**ACTION ITEM:** Skip all pictures. Set down only the lines starting at the line containing "Unity Candle Set" and running to the end of the listing.

**INFORMATION SHOWN:**
↓↓↓

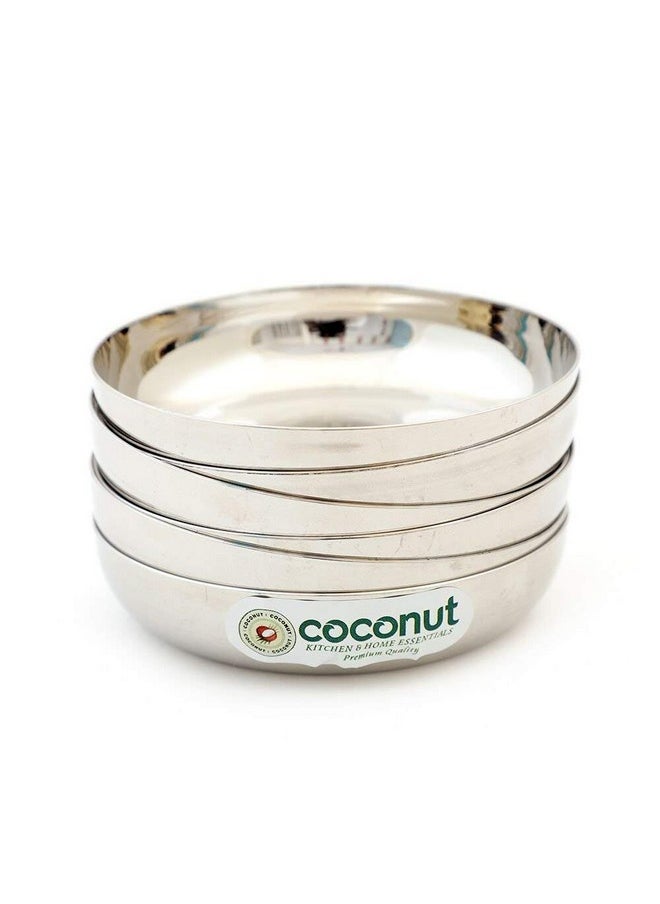 Coconut Coconut Stainless Steel Halwa Plate Set, 6-Pieces, Silver  - Image 1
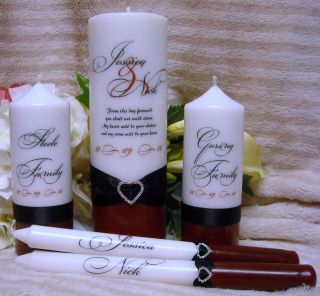 Unity Candle Set Two Tone Color Design Personalized   Your choice of 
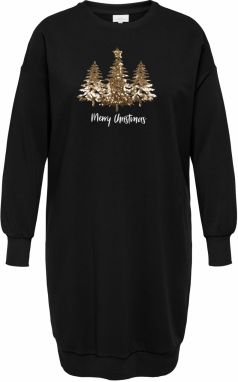 ONLY Carmakoma Šaty 'CARSANTA XMAS'  zlatá / čierna / biela
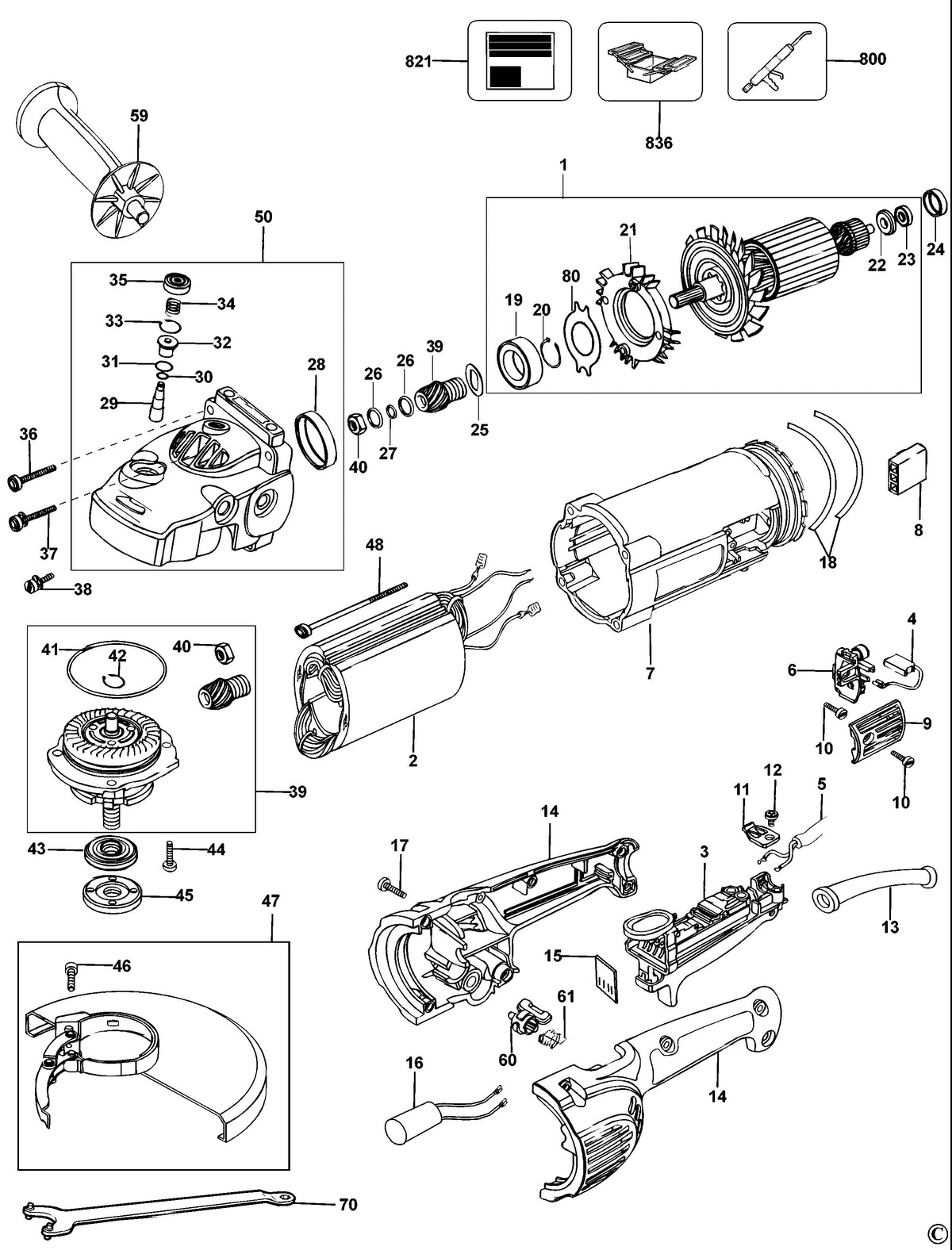 Vue éclatée DeWalt D28750 Type 1 - planche 1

↑↑↑

**REPLY:**
 Unity Candle Set Two Tone Color Design Personalized   Your choice of 
 ONLY Carmakoma Šaty 'CARSANTA XMAS'  zlatá / čierna / biela
 Vue éclatée DeWalt D28750 Type 1 - planche 1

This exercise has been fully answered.